Kilgrave leaned back, savoring the moment. He loved this part—the breaking. The way the strongest wills crumbled before his voice. He watched as the girl, this powerful, beautiful weapon, began to strip for him.

"Perfect," he murmured. "Now, smile for me. I want you to enjoy this."

Suddenly, Jessica's eyes shifted. The terror in them was replaced by a flicker of confusion, then sharp focus. She was looking at something behind him.

Kilgrave felt a shift in the air pressure. A soft thump of boots hitting the floorboards.

He opened his mouth to speak. To say, "Stop." To say, "Kill yourself." To say anything that would end the intruder's life.

But he never got the chance.

A flash of silver light arced through the room. It was silent, precise, and impossibly fast.

Kilgrave felt a strange sensation of weightlessness. His vision spun—literally. He saw the ceiling, then the wall, then the floor.

Then, he saw a body sitting in his chair. It was wearing a purple suit. It had no head.

Behind the headless corpse stood a figure in black robes, a terrifying skull mask glowing with purple energy, holding a circular, bladed weapon that dripped with fresh blood.

"That's... me?" Kilgrave thought, his brain firing its last, confused synapses.

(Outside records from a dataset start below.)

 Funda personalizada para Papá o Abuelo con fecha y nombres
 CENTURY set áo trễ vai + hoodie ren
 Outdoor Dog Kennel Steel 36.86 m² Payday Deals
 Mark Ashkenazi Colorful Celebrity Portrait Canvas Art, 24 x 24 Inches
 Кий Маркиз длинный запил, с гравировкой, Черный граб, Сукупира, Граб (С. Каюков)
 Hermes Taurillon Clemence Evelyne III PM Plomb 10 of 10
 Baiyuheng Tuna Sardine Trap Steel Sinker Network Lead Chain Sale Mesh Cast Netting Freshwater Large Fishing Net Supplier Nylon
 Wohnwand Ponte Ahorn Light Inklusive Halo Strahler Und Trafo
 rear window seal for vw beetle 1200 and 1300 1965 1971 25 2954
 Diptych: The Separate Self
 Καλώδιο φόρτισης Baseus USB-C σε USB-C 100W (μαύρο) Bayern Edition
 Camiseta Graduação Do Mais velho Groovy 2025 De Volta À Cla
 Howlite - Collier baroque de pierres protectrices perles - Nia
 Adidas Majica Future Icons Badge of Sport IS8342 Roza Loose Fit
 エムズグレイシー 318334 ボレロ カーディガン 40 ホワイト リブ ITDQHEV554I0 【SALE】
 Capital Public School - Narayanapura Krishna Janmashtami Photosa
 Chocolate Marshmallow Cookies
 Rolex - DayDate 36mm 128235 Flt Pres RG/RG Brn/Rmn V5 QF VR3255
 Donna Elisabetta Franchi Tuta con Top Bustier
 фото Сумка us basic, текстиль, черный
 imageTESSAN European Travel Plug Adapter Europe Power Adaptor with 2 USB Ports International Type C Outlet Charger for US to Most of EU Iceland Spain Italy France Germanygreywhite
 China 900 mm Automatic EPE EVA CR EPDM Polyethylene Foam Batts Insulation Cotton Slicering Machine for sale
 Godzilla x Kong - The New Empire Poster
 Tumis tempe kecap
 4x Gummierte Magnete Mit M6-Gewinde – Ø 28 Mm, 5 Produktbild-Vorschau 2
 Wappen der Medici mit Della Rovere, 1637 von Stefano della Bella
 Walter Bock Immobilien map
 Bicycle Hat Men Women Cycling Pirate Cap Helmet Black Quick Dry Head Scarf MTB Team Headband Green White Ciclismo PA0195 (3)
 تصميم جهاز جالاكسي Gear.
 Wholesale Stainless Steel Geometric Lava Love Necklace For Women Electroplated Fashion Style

Darkness took him before his head even stopped rolling.

The Aftermath

The silence in the room was absolute.

With Kilgrave's death, the pheromone control snapped instantly. Jessica gasped, her knees buckling as the invisible strings holding her up were cut. She collapsed to the floor, shaking uncontrollably, her chest heaving with sobs that tore at her throat.

She was half-undressed, covered in the blood of men she hadn't wanted to kill, standing in the room of a monster who had intended to break her soul.

Rosen deactivated the Death Mask, letting it fade into his inventory, though he kept his face covered by the hood and a lower half-mask. He stepped over Kilgrave's body without a second glance.

"It's over," he said, his voice low and steady.

Jessica looked up. She saw him—the man from the coffee shop, the one who had warned her, the one who had saved her.

She didn't care about the blood on his weapon. She didn't care about the dead man in the chair.

She scrambled to her feet and launched herself at him, burying her face in his chest, her hands gripping his robes so tight her knuckles turned white.

"He made me..." she choked out, her voice broken. "He made me do it... I couldn't stop... I couldn't..."

Rosen didn't push her away. He wrapped an arm around her, holding her steady as she fell apart.

"I know," he whispered. "I know. But he can't make you do anything ever again."

He looked down at Kilgrave's severed head, a cold satisfaction settling in his gut. The Purple Man was dead. Jessica Jones was free.

And the Marvel Universe had just taken another sharp turn off the script.